**WHAT IS REQUIRED**
Reproduce only the lines of the material below that start at the line containing "Fat Cat Yacht Photos Pics" and stop at the line containing "4100 W Peltier Rd, Lodi, CA 95242 photo 2". Keep both end lines.

RECORDS TO USE: Begin

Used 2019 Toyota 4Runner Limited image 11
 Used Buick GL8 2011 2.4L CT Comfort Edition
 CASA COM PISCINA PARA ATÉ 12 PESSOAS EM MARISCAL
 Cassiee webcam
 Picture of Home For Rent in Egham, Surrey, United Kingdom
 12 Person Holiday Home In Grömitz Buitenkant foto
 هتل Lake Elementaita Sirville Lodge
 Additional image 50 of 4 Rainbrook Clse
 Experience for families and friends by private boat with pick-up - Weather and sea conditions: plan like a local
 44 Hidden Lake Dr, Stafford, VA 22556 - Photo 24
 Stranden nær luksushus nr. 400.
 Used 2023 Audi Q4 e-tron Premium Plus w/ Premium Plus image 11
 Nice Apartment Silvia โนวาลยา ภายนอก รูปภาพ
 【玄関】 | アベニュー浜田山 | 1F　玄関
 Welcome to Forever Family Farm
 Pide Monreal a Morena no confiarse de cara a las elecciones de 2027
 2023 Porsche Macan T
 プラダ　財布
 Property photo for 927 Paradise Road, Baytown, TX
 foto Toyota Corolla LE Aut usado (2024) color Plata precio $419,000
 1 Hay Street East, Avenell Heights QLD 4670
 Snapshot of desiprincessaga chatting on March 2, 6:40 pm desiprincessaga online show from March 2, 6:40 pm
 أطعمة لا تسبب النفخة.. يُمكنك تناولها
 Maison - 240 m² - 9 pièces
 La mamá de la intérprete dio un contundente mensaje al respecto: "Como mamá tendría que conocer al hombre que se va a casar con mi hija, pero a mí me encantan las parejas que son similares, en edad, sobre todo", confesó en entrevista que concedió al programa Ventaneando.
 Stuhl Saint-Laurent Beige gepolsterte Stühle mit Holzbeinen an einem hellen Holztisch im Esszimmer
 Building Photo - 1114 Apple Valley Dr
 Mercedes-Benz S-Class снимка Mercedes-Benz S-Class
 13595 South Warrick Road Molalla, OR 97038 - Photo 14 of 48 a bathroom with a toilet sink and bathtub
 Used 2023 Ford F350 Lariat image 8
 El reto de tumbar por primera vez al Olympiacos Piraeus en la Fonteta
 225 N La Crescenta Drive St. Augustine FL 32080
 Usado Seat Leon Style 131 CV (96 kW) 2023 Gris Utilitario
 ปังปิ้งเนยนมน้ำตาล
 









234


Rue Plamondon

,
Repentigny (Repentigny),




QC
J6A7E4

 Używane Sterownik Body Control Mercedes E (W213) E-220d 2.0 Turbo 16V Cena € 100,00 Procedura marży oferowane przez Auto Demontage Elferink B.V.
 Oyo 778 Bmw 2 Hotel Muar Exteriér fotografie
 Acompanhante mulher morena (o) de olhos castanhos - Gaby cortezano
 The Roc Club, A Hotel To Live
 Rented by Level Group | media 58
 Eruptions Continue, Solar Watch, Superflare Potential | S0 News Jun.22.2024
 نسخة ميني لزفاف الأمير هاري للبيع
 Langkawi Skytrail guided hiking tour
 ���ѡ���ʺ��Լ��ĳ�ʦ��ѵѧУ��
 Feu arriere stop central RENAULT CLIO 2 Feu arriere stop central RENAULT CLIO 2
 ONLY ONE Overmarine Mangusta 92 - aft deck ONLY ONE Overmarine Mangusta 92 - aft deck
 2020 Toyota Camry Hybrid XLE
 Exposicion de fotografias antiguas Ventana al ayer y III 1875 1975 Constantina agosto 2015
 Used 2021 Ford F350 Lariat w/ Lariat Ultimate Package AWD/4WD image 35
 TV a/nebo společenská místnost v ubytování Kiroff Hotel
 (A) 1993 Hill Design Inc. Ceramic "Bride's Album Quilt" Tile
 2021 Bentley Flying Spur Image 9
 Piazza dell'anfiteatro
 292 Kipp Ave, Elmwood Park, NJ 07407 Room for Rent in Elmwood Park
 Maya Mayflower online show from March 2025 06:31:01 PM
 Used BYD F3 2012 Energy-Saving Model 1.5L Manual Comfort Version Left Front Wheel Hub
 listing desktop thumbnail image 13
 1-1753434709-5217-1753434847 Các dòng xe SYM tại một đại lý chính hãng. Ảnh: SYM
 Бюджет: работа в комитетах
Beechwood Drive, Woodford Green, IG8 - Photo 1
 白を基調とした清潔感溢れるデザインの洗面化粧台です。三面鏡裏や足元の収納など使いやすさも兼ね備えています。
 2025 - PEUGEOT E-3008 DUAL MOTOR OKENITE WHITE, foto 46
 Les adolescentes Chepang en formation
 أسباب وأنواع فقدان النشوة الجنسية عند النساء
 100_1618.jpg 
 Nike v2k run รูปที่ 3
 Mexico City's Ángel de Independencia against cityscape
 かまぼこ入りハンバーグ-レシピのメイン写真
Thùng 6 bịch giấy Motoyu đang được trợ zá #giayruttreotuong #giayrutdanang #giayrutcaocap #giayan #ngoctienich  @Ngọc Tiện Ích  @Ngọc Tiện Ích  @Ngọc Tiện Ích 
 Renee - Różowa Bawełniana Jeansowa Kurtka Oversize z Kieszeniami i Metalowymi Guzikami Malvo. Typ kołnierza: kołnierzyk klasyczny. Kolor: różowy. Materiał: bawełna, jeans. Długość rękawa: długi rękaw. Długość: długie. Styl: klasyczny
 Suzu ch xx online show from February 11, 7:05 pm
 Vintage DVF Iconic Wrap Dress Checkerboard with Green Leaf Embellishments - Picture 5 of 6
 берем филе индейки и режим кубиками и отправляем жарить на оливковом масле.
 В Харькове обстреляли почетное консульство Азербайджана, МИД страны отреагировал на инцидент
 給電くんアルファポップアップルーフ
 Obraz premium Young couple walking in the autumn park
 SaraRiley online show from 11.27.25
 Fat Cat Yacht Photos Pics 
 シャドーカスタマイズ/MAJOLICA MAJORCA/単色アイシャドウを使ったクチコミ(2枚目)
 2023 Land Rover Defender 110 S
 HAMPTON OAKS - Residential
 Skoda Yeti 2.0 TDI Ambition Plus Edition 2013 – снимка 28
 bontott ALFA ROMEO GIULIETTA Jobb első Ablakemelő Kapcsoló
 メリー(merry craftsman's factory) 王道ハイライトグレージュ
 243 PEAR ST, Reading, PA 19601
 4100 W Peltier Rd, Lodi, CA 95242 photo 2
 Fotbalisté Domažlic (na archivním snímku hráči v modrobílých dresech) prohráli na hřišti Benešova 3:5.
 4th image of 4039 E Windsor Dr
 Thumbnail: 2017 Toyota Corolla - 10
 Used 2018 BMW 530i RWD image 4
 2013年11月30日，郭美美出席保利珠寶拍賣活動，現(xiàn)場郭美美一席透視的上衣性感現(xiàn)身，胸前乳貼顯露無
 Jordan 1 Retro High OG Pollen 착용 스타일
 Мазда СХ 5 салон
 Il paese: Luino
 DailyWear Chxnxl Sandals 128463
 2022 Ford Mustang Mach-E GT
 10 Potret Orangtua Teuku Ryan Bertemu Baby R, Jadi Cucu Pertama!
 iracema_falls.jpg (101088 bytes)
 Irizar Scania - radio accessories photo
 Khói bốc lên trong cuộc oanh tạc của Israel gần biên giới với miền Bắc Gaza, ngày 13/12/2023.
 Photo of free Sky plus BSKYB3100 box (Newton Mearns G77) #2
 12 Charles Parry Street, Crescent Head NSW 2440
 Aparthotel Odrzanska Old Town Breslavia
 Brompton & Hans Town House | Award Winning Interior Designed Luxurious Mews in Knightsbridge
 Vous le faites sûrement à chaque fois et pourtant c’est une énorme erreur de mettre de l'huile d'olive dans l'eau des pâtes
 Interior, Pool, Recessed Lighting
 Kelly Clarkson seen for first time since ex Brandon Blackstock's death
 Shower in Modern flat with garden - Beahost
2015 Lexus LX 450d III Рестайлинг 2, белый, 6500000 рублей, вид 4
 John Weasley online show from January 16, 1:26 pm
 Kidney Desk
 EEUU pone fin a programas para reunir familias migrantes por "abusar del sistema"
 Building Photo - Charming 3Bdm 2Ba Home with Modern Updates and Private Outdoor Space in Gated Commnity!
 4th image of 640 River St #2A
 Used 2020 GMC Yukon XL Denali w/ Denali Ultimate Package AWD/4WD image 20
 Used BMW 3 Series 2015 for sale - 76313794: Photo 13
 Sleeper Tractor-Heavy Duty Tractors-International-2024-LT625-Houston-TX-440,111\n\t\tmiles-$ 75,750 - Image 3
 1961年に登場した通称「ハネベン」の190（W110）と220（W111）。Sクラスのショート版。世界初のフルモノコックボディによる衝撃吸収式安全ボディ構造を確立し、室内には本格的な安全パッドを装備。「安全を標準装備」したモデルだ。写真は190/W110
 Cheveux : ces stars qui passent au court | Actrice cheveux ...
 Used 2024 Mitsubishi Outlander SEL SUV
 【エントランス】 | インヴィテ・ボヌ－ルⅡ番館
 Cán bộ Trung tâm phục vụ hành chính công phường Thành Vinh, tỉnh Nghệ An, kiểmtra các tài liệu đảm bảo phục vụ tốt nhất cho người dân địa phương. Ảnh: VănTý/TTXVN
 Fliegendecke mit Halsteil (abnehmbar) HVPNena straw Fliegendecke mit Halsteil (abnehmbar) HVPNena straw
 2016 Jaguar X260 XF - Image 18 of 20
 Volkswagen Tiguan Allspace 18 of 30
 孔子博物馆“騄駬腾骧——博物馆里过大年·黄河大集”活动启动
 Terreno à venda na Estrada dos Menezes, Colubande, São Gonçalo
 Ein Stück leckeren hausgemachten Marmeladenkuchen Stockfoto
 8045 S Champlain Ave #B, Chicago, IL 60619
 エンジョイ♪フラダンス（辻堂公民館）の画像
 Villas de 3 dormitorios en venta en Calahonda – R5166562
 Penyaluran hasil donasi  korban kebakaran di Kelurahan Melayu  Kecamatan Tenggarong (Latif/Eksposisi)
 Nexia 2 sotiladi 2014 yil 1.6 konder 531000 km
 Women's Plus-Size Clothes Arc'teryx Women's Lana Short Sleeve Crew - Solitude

RECORDS TO USE: End

**WRITTEN RESPONSE**
 Fat Cat Yacht Photos Pics 
 シャドーカスタマイズ/MAJOLICA MAJORCA/単色アイシャドウを使ったクチコミ(2枚目)
 2023 Land Rover Defender 110 S
 HAMPTON OAKS - Residential
 Skoda Yeti 2.0 TDI Ambition Plus Edition 2013 – снимка 28
 bontott ALFA ROMEO GIULIETTA Jobb első Ablakemelő Kapcsoló
 メリー(merry craftsman's factory) 王道ハイライトグレージュ
 243 PEAR ST, Reading, PA 19601
 4100 W Peltier Rd, Lodi, CA 95242 photo 2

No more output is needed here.